Donald Trump’s civil fraud trial in New York has definitely gotten under his skin. Yet he was far calmer at his arraignment in June on 30-plus counts of unlawfully retaining classified documents. So, why is he stressing over his fraud prosecution?
Part of the reason is image. Trump’s self concept and public persona alike rest on his King of All Real Estate construct. Although New York Attorney General Letitia James has already exposed how much of it is a fiction, the trial will methodically unspool his legend over several weeks or months, witness by witness, email by email, spreadsheet by spreadsheet.
But it’s more than that. The remedies the AG is seeking — which the former president himself acknowledges constitutes a sort of “corporate death penalty” — are the only ones he can’t campaign away.
If restored to the presidency, he can pardon himself for his alleged federal crimes. He can also arguably force the Manhattan and Fulton County district attorneys, who might not be able to try their cases against him before the 2024 election, to stop on the ground that prosecuting a sitting president is constitutionally verboten.
But the only way out of James’ civil suit is through it (and then appeals). And before then, the court could impose serious penalties: temporary bars on acquiring New York real property and borrowing from any lender registered in the state; permanent bars on serving as an officer or director of any company in the state; an independent monitor to direct (and correct) all financial reporting and controls; even a potential receiver to oversee the unwinding of his metaphorical trophy case — and with that person’s prospective appointment, even the possible liquidation of his properties.
And that’s before we get to any disgorgement of the profits from his fraud, which the AG estimates at “at least $250 million.” Collectively, for Trump, that smorgasbord of potential remedies could be worse for him than any threat of prison.
The other potential explanation for Trump’s pique, however, is that Trump is actually on trial. James isn’t the first plaintiff to force Trump to trial. Author E. Jean Carroll, who won a jury trial against Trump on her sexual assault and defamation claims last May, bears that distinction — but James’ trial is the first he has attended. And with trial attendance comes its own psychic toll.
Trump may have believed that staring down, gesturing at, and otherwise attempting to demean and discredit James, and then his former accountant Donald Bender, in person, would be satisfying or perhaps politically advantageous. And the breathless media coverage of his body language, hallway press conferences, and even what he ate for lunch yesterday suggests he would have been right — at least in part.
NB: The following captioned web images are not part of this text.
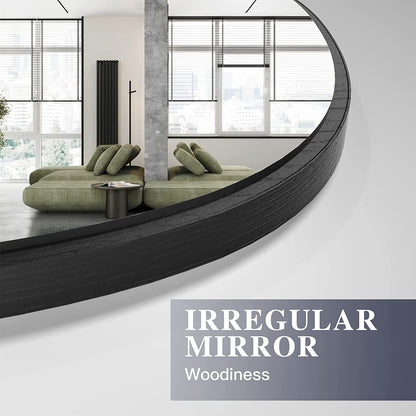 Large Irregular Asymmetrical Wall Mirror Black Bathroom Vanity
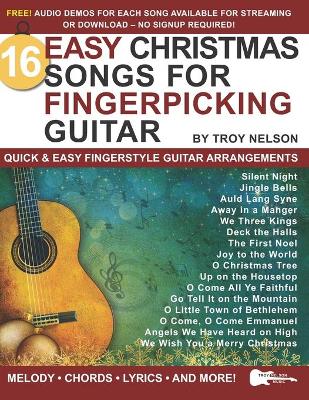 Book cover for 16 Easy Christmas Songs for Fingerpicking Guitar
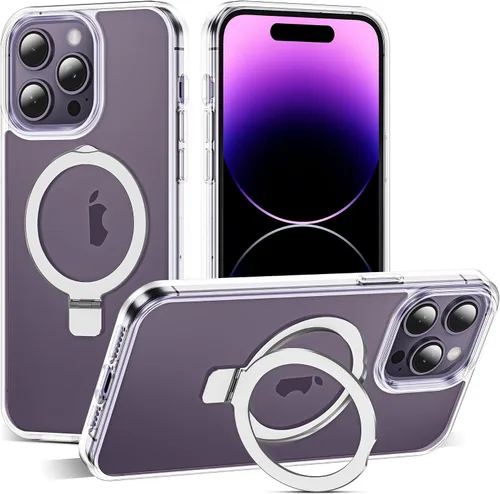 Vista 9 de SKYLMW - Funda compatible con iPhone 11 de 6.1 pulgadas, con soporte magnético invisible tipo anillo, funda translúcida de grado militar, compatible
Yet that discounts what it might feel like for Trump to see and hear the evidence. Watching prosecutor Kevin Wallace highlight Trump’s Sharpied signature on his statements of financial condition or hearing Bender clearly testify that at no time did Mazars undertake to verify the data provided by the Trump Organization or even assure its compliance with generally accepted accounting principles clearly ruffled Trump. And that this could be the next several weeks of his life might just be sinking in.